Gli oratori sono da sempre un aspetto importante nella vita della comunità villasantese. Qual è il loro ruolo oggi?

Gli oratori hanno una grande potenzialità di fronte a ragazzi che – nonostante lo stare continuamente connessi – sono sempre più isolati. Se guardiamo i numeri, sono assolutamente positivi: in 800 quest’anno hanno frequentato l’oratorio feriale. La maggior parte, però, poi non continua a frequentare; allora noi dobbiamo andare oltre e convincerli a lasciarsi coinvolgere, per questo è fondamentale che anche le famiglie ci credano. Da parte nostra, stiamo lavorando molto sulle relazioni con i ragazzi delle scuole medie e i pre-adolescenti, facciamo pomeriggi e serate a loro dedicati, sfruttando anche la contiguità fra la scuola e l’oratorio, che a Villasanta sono proprio uno di fronte all’altro, separati solo dalla strada. Sono frutti che misureremo a distanza, noi intanto ci lavoriamo.

Dal suo osservatorio, com’è la situazione sociale in paese?

Il paese è complessivamente benestante ma con il Covid le fragilità e lo stato di bisogno sono aumentati, pensi che oggi la San Vincenzo, con il Banco Alimentare, aiuta ben 150 famiglie; se ipotizzo 4 persone per famiglia sono circa 600 concittadini, il 2% della popolazione. I servizi sociali non riescono ad arrivare dappertutto, c’è una comunità generosa che supplisce e che si prende cura degli altri.
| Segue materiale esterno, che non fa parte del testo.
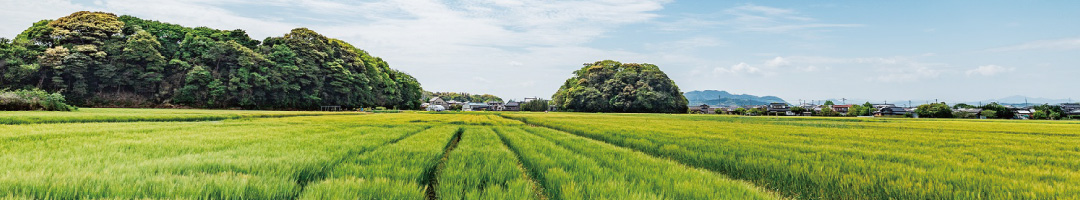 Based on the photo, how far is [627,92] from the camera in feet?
213

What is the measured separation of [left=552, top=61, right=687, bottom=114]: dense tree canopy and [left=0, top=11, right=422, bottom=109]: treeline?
3809 cm

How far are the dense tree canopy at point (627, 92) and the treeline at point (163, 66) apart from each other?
38.1 metres

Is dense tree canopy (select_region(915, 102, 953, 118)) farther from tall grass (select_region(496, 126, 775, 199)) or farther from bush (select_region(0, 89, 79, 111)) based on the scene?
Result: bush (select_region(0, 89, 79, 111))

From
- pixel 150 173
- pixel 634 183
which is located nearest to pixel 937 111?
pixel 634 183

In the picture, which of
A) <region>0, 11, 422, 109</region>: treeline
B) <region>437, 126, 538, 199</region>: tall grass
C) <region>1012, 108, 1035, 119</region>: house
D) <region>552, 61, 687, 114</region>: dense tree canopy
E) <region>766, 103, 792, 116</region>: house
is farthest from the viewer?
<region>766, 103, 792, 116</region>: house

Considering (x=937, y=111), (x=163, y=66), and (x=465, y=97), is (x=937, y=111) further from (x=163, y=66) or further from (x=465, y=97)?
(x=465, y=97)

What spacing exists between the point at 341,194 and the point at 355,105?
2442 inches

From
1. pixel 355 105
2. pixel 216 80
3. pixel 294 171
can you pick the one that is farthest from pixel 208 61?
pixel 294 171

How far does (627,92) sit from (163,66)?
199 feet

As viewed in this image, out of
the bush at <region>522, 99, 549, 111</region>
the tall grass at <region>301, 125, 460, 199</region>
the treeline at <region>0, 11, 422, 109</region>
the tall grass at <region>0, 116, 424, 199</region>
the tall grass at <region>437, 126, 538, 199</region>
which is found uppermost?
the treeline at <region>0, 11, 422, 109</region>

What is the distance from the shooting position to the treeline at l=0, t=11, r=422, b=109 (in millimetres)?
37844

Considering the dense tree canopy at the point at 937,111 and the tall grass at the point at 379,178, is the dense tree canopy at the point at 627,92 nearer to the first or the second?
the dense tree canopy at the point at 937,111

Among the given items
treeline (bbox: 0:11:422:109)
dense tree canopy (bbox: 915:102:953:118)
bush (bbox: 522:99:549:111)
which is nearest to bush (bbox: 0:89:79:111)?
treeline (bbox: 0:11:422:109)

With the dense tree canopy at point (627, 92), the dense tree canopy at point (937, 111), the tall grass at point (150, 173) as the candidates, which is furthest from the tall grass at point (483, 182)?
the dense tree canopy at point (937, 111) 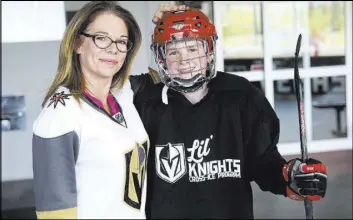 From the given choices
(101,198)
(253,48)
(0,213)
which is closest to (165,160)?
(101,198)

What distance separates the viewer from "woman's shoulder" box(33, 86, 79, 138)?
4.47ft

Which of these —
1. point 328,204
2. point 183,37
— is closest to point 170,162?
point 183,37

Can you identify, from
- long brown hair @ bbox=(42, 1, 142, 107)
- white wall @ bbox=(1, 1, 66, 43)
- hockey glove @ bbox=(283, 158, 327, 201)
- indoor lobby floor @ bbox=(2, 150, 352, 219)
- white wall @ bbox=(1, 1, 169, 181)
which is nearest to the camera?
long brown hair @ bbox=(42, 1, 142, 107)

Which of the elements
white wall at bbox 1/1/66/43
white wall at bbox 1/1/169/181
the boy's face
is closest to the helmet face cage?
the boy's face

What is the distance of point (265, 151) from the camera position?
71.4 inches

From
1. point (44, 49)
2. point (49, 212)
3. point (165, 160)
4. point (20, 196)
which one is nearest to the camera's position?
point (49, 212)

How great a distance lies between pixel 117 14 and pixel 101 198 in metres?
0.48

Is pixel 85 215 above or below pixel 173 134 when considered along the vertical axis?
below

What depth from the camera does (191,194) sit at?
179 cm

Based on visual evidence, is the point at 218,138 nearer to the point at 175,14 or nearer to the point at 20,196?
the point at 175,14

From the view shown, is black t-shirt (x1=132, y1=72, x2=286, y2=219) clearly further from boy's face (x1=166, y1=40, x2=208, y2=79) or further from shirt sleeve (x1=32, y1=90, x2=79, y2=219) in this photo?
shirt sleeve (x1=32, y1=90, x2=79, y2=219)

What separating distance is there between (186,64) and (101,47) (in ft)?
1.07

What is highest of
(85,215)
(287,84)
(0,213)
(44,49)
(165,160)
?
(44,49)

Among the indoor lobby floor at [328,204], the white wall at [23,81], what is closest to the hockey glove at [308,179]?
the indoor lobby floor at [328,204] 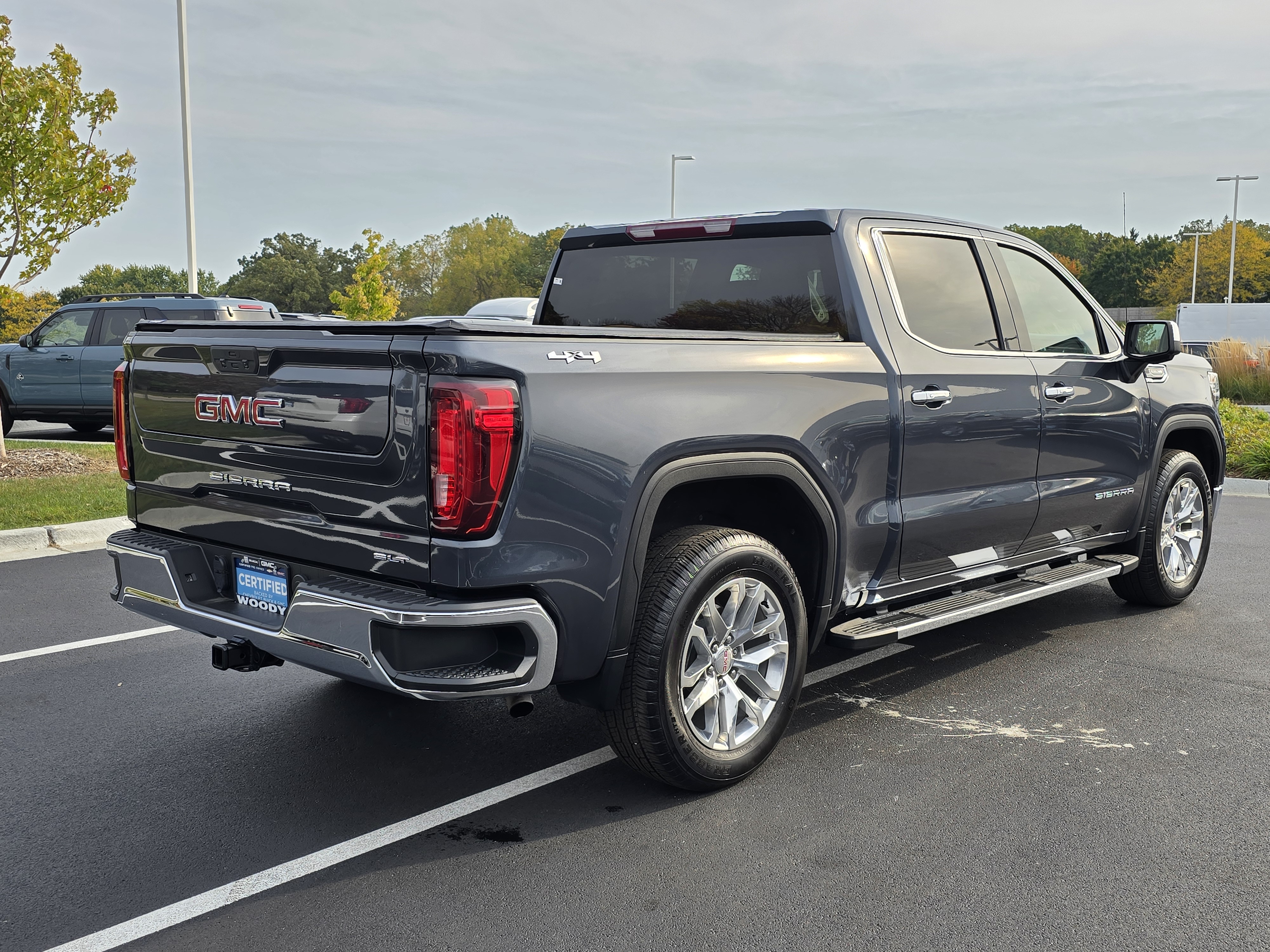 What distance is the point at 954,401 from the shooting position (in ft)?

Don Alessandro, che Villasanta lascia?

Lascio una Villasanta che ha camminato e ha voglia di continuare a farlo e una comunità meno centrata sui 3 campanili e capace di uno sguardo più ampio, come deve essere la Chiesa delle genti.

Ogni anno, durante la mia permanenza, ho organizzato un corso di lettura della Bibbia che ha raccolto la partecipazione di 60/70 persone, l’ultimo era dedicato alle Lettere ai Romani di San Paolo. Non ha mai chiesto ai partecipanti se fossero credenti o non credenti, ciò che importa oggi è la differenza – sottolineata dal cardinale Martini – fra pensanti e non pensanti: occorrono prospettive alte, anche nel campo politico. Quando una persona pensa, trova comunque la strada del Vangelo e non spreca la vita nelle banalità. E’ questo l’augurio che faccio anche al nuovo parroco, don Massimo Zappa.